アスベストとは、6種類の天然にできた鉱物繊維で、「石綿」(せきめん、いしわた)とも呼ばれています。その繊維の細さは、肉眼では見ることができない髪の毛の細さのおよそ5,000分の1と言われています。耐熱性や耐久性、耐薬品性、電気絶縁性などに優れており、比較的価格帯が安いということもあるため、私たちの日常の生活にて日々接している建設資材、電気製品、自動車、家庭用品など、さまざまな用途に幅広く使用されてきました。アスベストは3000種といわれるほど幅広い用途で多く使用され、主には石綿工業製品と建材製品に分けられ、その8割以上は建材製品です。
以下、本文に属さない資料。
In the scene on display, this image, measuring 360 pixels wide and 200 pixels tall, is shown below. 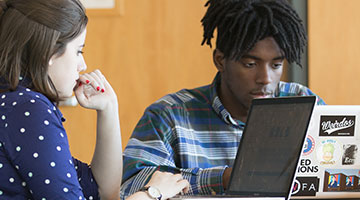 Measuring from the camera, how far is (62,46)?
114cm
しかし、アスベストはとても細かい繊維状のため、とても軽く飛散しやすい性質を持っています。これらのアスベストを吸い込むと、平均20年~40年の月日を経て、肺がんや悪性中皮腫を引き起こすことが分かっています。また、喫煙者の肺がん発症リスクは、非喫煙者に比べて高いということはよく知られていますが、アスベスト製品の製造に携わっていた人における喫煙者の肺がんリスクは一般のそれよりもさらに高くなるということも分かっています。アスベストによる病気は、治りにくい病気が多く、健康に被害を与える物質の1つとして、建物にこれらの物質の1つでも検出されるとアスベスト除去の工事を必要としています。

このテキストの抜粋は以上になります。